Later on in his life, five weeks before his death, Franklin wrote the following to Ezra Stiles, President of Yale and grandson of Jonathan Edwards, who wanted to know that truth of Franklin's faith. Franklin wrote:


As to Jesus of Nazareth, my opinion of who you particularly desire, I think the system of morals, and his religion, as he left them to us, the best the world ever saw, or is likely to see; but I apprehend it has received various corrupting changes, and I have, with most of the present dissenters in England some doubts to his divinity.

So in these two quotations, we seen Franklin admit that he thinks virtue is more important than the orthodox truth of the gospel and we see him deny the divinity of Christ. Franklin has denied the very hope of the Christian religion. If he really believed this, according to Scripture, we must ask if Franklin was truly a Christian.

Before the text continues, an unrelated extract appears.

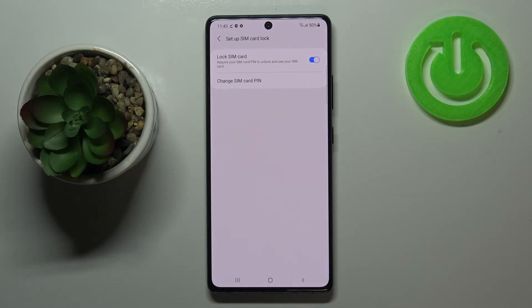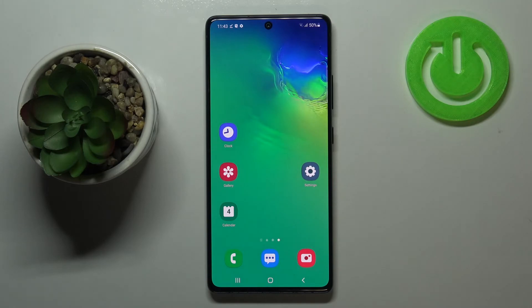Here we have to re-enter it in order to confirm — just tap on OK. As you can see, we've got the information that the SIM pin has been changed successfully, which means that if you restart your device it will require the new SIM pin. So actually that's all — this is how to change the SIM pin in your Samsung Galaxy S10 Lite.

On the other hand, the liberals of the 20th century have nothing on Thomas Jefferson. During his time as president and again later in life, Jefferson cut and pasted his own version of the New Testament. Since he denied that God acts in the world today, he removed all miracles from the Jefferson Version. His New Testament ended as such:


There they laid Jesus. And rolled a great stone to the door of the sepulcher, and departed. Finis

Jefferson ends his "gospel" with Jesus forever in the grave. It is really no gospel at all and offers no hope than any other religion. The apostle Paul even tells us that if Christ is not raised, we are fools and of all men, the most to be pitied. But Jefferson denies the resurrection and in essence the Christian faith. Jefferson also writes:


To the corruptions of Christianity I am indeed opposed; but not to the genuine precepts of Jesus himself. I am a Christian, in the only sense he wished any one to be; sincerely attached to his doctrines, in preference to all others; ascribing to himself every human excellence; and believing he never claimed any other.

Nichols writes, "Jefferson's self-claim to being a Christian, which often gets quoted by evangelicals, comes in the very sentence he denies the deity of Christ. In fact, Jefferson goes so far as to claim that being a Christian demands that one see Jesus as Jesus sees himself, which, according to Jefferson, was as human, never claiming divinity." Again, we see a founding father denying the very claims of Christ Himself as divine and still claiming to be Christian.

Why would Jefferson hold to Christianity while denying the foundational truths that makes it what it is? Again Nichols gives us the answer. "What he (Jefferson) liked best about Unitarianism, however, was not its doctrine, but that it presented a simple and clear morality. What mattered most to Jefferson, especially for the new republic, was that Jesus was a virtuous man." Like Franklin, Jefferson clinged to Christianity for its morals.

I write not to criticize these two men. I believed that if they believed what they wrote, they were not Christians from a Biblical standpoint. But the main purpose of this writing it to warn you that the thoughts of these two men are still rampant today. It is moralism. The belief that man can be saved and made right with God by his morality or good works. A belief that Scripture denies (Isaiah 64:6), but one that will continue until the end of time. We are conceived in sin and our works can never justify us before God. But God sent Jesus Christ. Unlike Franklin and Jefferson, the Jesus of the Bible is the God-Man who never sinned, yet died a sinner's death as a substitute for all those who would put their trust in Him. Our ONLY HOPE is to trust in His work. If we do, God credits the wrath our sins deserve on Christ, and the perfect righteousness of Christ to us. We therefore stand forgiven and are declared to be righteousness in Christ. Do not be deceived, your morality will not save you, only Jesus, the second person of the Trinity, the only way to God (John 14:6), can save you.